→ Problem to solve:
In the data below, find the line with "Maglia a maniche" and the line with "Fernando Alonso Spa Crash", then restate both and every line between them exactly, minus the pictures.

→ Exercise material:
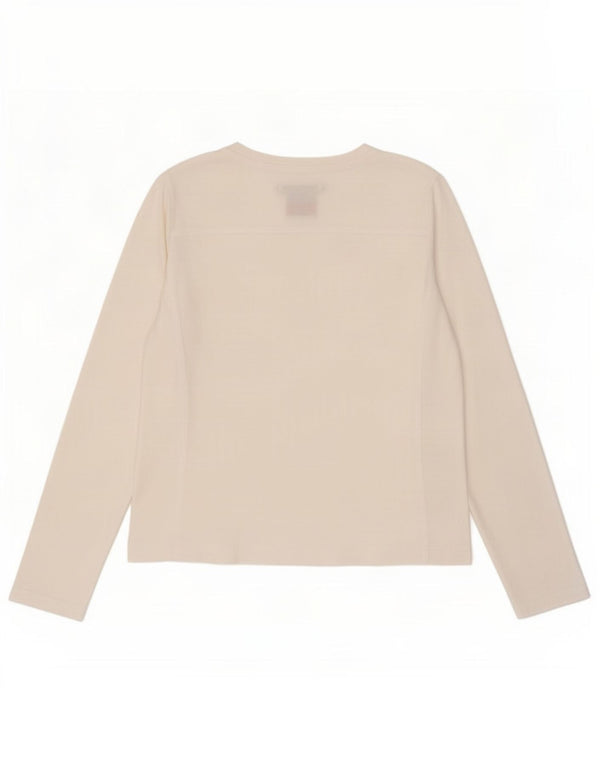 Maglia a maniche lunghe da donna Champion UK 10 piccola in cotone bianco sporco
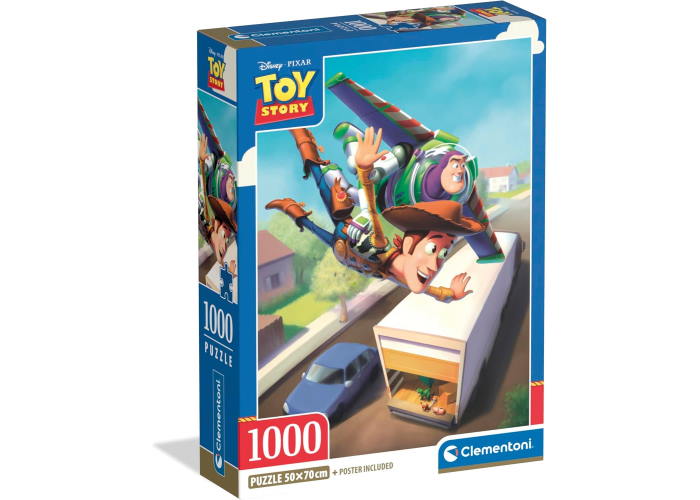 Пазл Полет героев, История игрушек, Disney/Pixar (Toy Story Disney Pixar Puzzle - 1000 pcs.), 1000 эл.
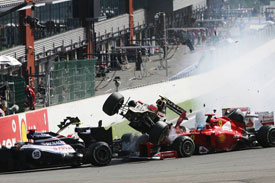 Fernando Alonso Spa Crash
==
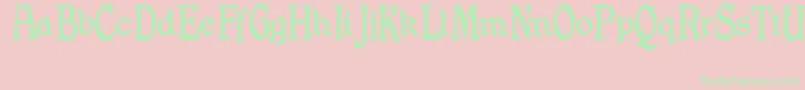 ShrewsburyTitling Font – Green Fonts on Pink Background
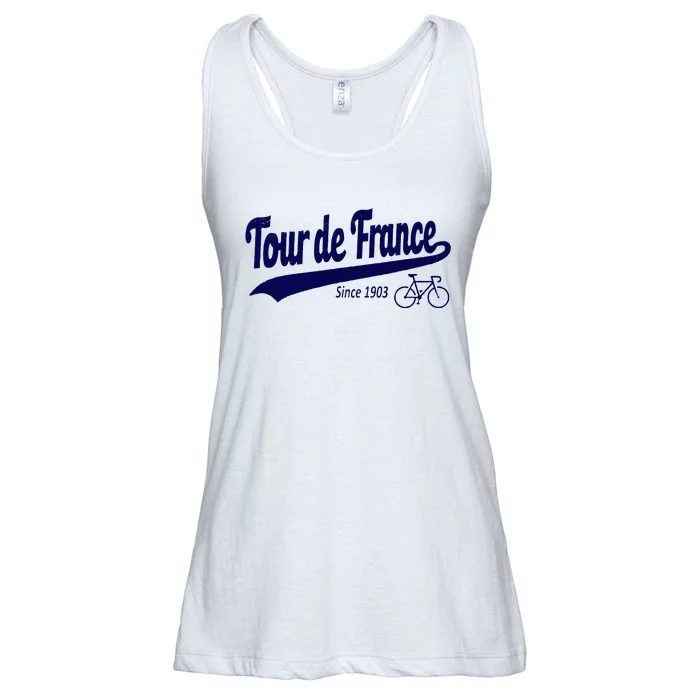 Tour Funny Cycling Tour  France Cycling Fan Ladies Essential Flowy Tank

→ Solution to this problem:
 Maglia a maniche lunghe da donna Champion UK 10 piccola in cotone bianco sporco
 Пазл Полет героев, История игрушек, Disney/Pixar (Toy Story Disney Pixar Puzzle - 1000 pcs.), 1000 эл.
 Fernando Alonso Spa Crash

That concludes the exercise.